Assim, as pessoas que já viviam no bairro acabaram por manter as suas habitações, com alguns novos inquilinos foram feitos novos contratos de arrendamento. Todas as intervenções que as casas sofreram foram responsabilidade dos moradores, nenhum dos senhorios que por aqui passou, Mútua dos Navios Bacalhoeiros, Ocidental, Açoreana e Seguradoras Unidas, assegurou qualquer custo das obras que foram sendo necessárias ao longo dos anos.

As casas, por não serem consideradas habitação permanente, não asseguravam certas condições. As casas de banho, por exemplo, foram alteradas para terem água quente, tiveram de ser repostos telhados e renovado o sistema eléctrico. “Tudo o que existe nas casas e a razão pela qual casas estão em pé, fomos nós que fomos sempre mantendo e fazendo obras”, lembra um dos moradores. O problema foi comum entre os habitantes do bairro. “Como as casas não têm alicerces, são só a estrutura exterior, estão em cima de areia e por conseguinte de água, a parte interior, como não tem sustentação, não tem base e abria rachas na parede, pelo que teve de ser feita uma sapata de cimento para sustentar novamente as paredes” explica o mesmo morador, que por razões pessoais prefere não ser identificado.

Futuro incerto

Apesar de todos estes obstáculos, é a este bairro que chamam casa e é aqui que pretendem continuar a morar. Existem casas onde vivem famílias numerosas, com várias gerações, pais, filhos e netos, que se vêem agora nesta incerteza do que estará para acontecer. A maior parte dos moradores são pessoas reformadas, com dificuldades económicas e alguns com problemas de saúde. Sem idade para grandes mudanças e energia para grandes lutas, apenas desejam manter o que é seu, o que sempre conheceram como seu lar.

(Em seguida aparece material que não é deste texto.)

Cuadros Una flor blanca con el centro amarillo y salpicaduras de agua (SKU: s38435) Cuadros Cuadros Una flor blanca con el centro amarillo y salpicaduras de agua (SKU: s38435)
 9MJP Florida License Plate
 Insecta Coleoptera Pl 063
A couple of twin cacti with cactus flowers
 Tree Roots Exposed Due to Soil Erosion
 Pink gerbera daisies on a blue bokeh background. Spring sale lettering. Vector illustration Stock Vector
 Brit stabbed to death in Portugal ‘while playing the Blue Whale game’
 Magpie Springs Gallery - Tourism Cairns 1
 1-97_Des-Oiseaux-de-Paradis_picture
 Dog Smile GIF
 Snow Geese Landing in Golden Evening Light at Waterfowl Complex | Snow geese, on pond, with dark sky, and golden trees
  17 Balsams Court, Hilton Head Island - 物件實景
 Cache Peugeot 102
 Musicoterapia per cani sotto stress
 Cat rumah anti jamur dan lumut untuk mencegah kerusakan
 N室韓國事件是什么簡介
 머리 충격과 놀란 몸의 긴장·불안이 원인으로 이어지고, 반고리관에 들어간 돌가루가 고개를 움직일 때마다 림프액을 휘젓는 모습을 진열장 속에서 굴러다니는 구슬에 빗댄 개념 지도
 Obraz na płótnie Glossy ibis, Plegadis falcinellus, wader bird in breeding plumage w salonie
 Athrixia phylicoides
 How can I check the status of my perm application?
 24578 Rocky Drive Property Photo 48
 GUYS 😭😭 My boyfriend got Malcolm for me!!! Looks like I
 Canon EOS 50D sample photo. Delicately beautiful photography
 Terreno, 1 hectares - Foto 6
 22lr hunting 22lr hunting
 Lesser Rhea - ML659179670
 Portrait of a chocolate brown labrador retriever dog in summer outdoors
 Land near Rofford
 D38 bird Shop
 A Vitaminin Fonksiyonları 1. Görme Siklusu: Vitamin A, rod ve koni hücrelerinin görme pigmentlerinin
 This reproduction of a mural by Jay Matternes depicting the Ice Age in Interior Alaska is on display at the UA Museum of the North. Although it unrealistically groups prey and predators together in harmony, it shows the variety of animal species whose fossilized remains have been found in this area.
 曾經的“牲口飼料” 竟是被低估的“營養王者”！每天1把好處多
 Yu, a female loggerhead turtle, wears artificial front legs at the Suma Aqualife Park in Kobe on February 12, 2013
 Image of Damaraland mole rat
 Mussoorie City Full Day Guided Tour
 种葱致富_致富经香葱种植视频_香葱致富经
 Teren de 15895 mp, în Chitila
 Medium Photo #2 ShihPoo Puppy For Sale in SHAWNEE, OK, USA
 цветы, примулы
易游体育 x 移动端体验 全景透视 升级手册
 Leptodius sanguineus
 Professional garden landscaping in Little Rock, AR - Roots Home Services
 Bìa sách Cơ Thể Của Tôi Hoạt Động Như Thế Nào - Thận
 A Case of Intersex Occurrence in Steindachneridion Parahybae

O que está em causa, segundo um dos moradores, resume-se a, “de um lado temos indivíduos com capacidade financeira a tentarem fazer um negócio de capitalização através de especulação imobiliária e do outro lado estão cerca de 100 pessoas que estão protegidas”. Outro reforça a ideia, “a maior parte das pessoas não têm para onde ir mesmo”, prosseguindo, “nós estamos a defender a posição de cada um, mas também estamos a defender a posição de todos”, afirma um dos moradores do bairro, “Se a câmara não autorizar nenhum projecto para aqui eles não nos podem pôr fora”.

Para já, aguardam a reunião que têm com a C.M.A. ainda este mês, “a ver se arrancamos com esta acção jurídica directamente, para ver se nos dão o direito de preferência”. Apesar de terem seis meses para pôr a acção em tribunal, pretendem resolver a questão o quanto antes, porque admitem que venha a ser um longo processo.

Não é caso único nos dias de hoje, em que cada vez mais são noticiados casos idênticos, principalmente em Lisboa e no Porto, onde o alojamento local é uma espécie de bomba relógio para alguns que, ao expulsar os seus moradores de sempre, abala a história em nome da evolução.

A Gandaia tentou entrar em contacto com a Seguradoras Unidas S.A., mas até ao fecho desta edição não obteve qualquer resposta.